:: Records for the exercise

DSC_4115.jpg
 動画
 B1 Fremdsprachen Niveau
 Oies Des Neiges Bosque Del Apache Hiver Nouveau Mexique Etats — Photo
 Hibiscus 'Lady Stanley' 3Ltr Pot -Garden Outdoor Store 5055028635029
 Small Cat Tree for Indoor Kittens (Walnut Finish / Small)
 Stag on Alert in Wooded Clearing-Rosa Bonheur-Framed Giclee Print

::::
:: Records for the exercise

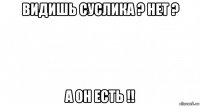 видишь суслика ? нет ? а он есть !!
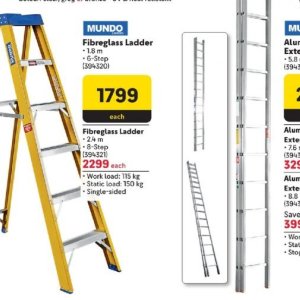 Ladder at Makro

::::

### Try it
In the listing above, find the line containing "DSC_4115.jpg" and the line containing "Stag on Alert", then retype both and every line between them exactly, with nothing else.

### Answer space
DSC_4115.jpg
 動画
 B1 Fremdsprachen Niveau
 Oies Des Neiges Bosque Del Apache Hiver Nouveau Mexique Etats — Photo
 Hibiscus 'Lady Stanley' 3Ltr Pot -Garden Outdoor Store 5055028635029
 Small Cat Tree for Indoor Kittens (Walnut Finish / Small)
 Stag on Alert in Wooded Clearing-Rosa Bonheur-Framed Giclee Print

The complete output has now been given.